We ignore the first two sets and order a few more Shanghai specialties that Leon and Lilly had pointed out, along with a couple of others that catch our fancy. Again, we begin the meal in the Chinese manner with a cold dish. The peppery, salty duck is a duck leg brined in enough salt to permeate to the bone before being steamed. The salt brings out all the flavor of the meat so that it almost tastes roasted, yet its fatty skin remains moist and white. And again, we follow up with a soup course, “seafood chowder,” a thick egg-drop soup with peas, chopped calamari, and prawns. The soup is tasty but unmemorable.

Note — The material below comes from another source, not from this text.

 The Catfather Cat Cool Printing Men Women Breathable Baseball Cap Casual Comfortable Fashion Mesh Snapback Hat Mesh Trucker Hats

Then the table fills up with so many platters that we have to juggle — one dish must be in the air at all times. “Shrimp balls with gingko nuts” pairs peeled shrimp, which curl up when stir-fried, with the creamy, bitter flesh of gingko nuts, covering them with a transparent, lightly seasoned sauce. The chef takes a similarly Cantonese approach to black mushrooms, as meaty and tender as stewed beef tongue, with baby bok choy and Dictyophora indusiata. I’d had the lacy collar of the collared stinkhorn mushroom before at Daimo in Richmond, where it was described as “bamboo pith.” But Shanghai Gourmet’s preparation surpasses Daimo’s: instead of being so fibrous that they require an interminable amount of chewing, the soft, white spongy strips evaporate in the mouth, releasing all the sauce they have soaked up. The sensation is exquisite.

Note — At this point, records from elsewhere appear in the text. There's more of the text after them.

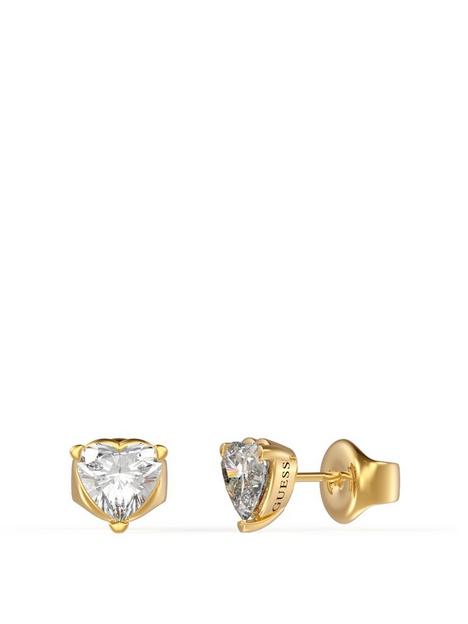 guess-studs-party-7mm-clear-solitaire-heart-yellow-gold-stud-earrings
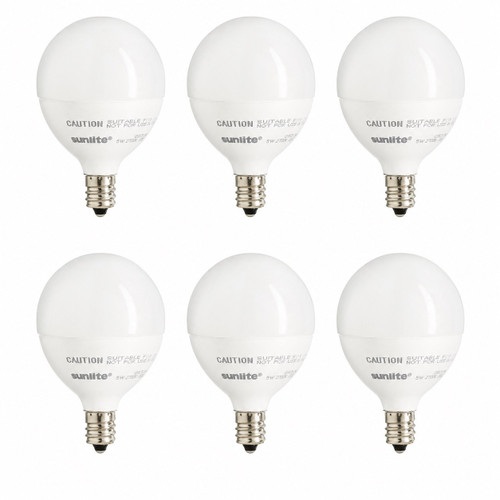 Sunlite 41891-SU - 7W G16.5 Frosted LED Globe Bulb - 4000K - 6 Pack 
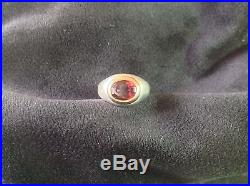 Rare Retired James Avery Sterling Silver Ring & 14K Gold w Ruby Or garnet Size 8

We encounter tofu skins again, this time wrapped loosely around julienned carrots, bean sprouts, and dried lily buds, a fleeting floral note. The bundles are laid across a bed of steamed spinach, and the greens match the al dente texture of the tofu skin.

The three lightly seasoned dishes play off two more assertively sauced entrées. Wuxi spareribs, fatty and tender, have been braised in a semisweet, bright red lacquer fragrant with star anise and cinnamon. The roasted carp with scallions is fried and smothered in a chocolate-brown oily sauce chunky with filaments of melted, long-sautéed scallions. Its dark, roasted flavor, though not sweet, masks the muskiness of the freshwater fish. But hundreds of tiny sharp bones make the carp something of a nightmare to eat.

The only disappointing dish is the Shanghai-style thick pan-fried noodles. I love the chewiness of the noodles, which are as thick as udon, and the almost smoky taste of wok char. But the oily pasta, stir-fried with a little soy, doesn’t have much flavor.

You can try the Chinese-style desserts — which include a deep-fried rice-flour pancake stuffed with chocolaty red-bean paste or an overly watery, pink sticky-rice pudding studded with dried fruits and lotus nuts. But you’ll probably be just as happy after all the rich flavors of Shanghai cuisine with the orange segments and fortune cookies that come with the bill. Which, by the way, isn’t very large considering the amount of food.

On his first visit, Leon’s Shanghai-born cousin gave her nod to the place, but his quest for the best Shanghainese food in the Bay Area continues. Despite his reservations, Shanghai Gourmet serves the most interesting, best-executed Chinese food I’ve yet tasted east of the Caldecott.

Just be sure to ask for the right menu.